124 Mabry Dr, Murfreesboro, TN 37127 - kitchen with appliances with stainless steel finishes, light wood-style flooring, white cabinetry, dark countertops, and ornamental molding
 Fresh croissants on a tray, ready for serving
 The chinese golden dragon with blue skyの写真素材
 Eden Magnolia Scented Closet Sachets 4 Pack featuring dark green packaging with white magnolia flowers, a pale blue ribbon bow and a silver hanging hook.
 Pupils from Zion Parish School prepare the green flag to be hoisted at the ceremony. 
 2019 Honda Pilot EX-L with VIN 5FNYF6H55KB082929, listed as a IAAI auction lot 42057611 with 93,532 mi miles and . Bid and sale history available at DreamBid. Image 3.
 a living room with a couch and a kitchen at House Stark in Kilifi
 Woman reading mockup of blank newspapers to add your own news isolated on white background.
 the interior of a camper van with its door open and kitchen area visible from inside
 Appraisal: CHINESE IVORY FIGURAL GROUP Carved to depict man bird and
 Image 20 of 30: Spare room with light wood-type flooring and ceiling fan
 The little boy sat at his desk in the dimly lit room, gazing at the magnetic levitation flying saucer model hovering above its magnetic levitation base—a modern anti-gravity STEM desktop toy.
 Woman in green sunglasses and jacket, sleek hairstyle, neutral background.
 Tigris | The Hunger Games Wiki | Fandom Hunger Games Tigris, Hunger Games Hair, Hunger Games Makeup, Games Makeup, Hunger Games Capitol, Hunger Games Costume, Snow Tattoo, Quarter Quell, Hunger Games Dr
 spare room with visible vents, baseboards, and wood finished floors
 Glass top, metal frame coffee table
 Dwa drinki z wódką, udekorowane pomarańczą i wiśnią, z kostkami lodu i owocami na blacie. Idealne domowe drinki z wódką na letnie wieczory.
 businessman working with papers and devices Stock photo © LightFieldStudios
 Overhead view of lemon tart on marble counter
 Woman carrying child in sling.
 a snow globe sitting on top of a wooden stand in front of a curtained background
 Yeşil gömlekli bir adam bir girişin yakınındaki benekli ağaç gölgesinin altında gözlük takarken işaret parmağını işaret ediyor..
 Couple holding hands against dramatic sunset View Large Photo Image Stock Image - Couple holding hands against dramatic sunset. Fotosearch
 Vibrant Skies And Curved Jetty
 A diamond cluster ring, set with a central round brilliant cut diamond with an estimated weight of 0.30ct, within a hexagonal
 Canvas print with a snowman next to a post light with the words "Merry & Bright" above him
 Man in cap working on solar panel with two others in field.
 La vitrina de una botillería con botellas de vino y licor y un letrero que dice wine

* _Exercise objective_:
Copy out each record above exactly, leaving nothing out.

* _Answer space_:
124 Mabry Dr, Murfreesboro, TN 37127 - kitchen with appliances with stainless steel finishes, light wood-style flooring, white cabinetry, dark countertops, and ornamental molding
 Fresh croissants on a tray, ready for serving
 The chinese golden dragon with blue skyの写真素材
 Eden Magnolia Scented Closet Sachets 4 Pack featuring dark green packaging with white magnolia flowers, a pale blue ribbon bow and a silver hanging hook.
 Pupils from Zion Parish School prepare the green flag to be hoisted at the ceremony. 
 2019 Honda Pilot EX-L with VIN 5FNYF6H55KB082929, listed as a IAAI auction lot 42057611 with 93,532 mi miles and . Bid and sale history available at DreamBid. Image 3.
 a living room with a couch and a kitchen at House Stark in Kilifi
 Woman reading mockup of blank newspapers to add your own news isolated on white background.
 the interior of a camper van with its door open and kitchen area visible from inside
 Appraisal: CHINESE IVORY FIGURAL GROUP Carved to depict man bird and
 Image 20 of 30: Spare room with light wood-type flooring and ceiling fan
 The little boy sat at his desk in the dimly lit room, gazing at the magnetic levitation flying saucer model hovering above its magnetic levitation base—a modern anti-gravity STEM desktop toy.
 Woman in green sunglasses and jacket, sleek hairstyle, neutral background.
 Tigris | The Hunger Games Wiki | Fandom Hunger Games Tigris, Hunger Games Hair, Hunger Games Makeup, Games Makeup, Hunger Games Capitol, Hunger Games Costume, Snow Tattoo, Quarter Quell, Hunger Games Dr
 spare room with visible vents, baseboards, and wood finished floors
 Glass top, metal frame coffee table
 Dwa drinki z wódką, udekorowane pomarańczą i wiśnią, z kostkami lodu i owocami na blacie. Idealne domowe drinki z wódką na letnie wieczory.
 businessman working with papers and devices Stock photo © LightFieldStudios
 Overhead view of lemon tart on marble counter
 Woman carrying child in sling.
 a snow globe sitting on top of a wooden stand in front of a curtained background
 Yeşil gömlekli bir adam bir girişin yakınındaki benekli ağaç gölgesinin altında gözlük takarken işaret parmağını işaret ediyor..
 Couple holding hands against dramatic sunset View Large Photo Image Stock Image - Couple holding hands against dramatic sunset. Fotosearch
 Vibrant Skies And Curved Jetty
 A diamond cluster ring, set with a central round brilliant cut diamond with an estimated weight of 0.30ct, within a hexagonal
 Canvas print with a snowman next to a post light with the words "Merry & Bright" above him
 Man in cap working on solar panel with two others in field.
 La vitrina de una botillería con botellas de vino y licor y un letrero que dice wine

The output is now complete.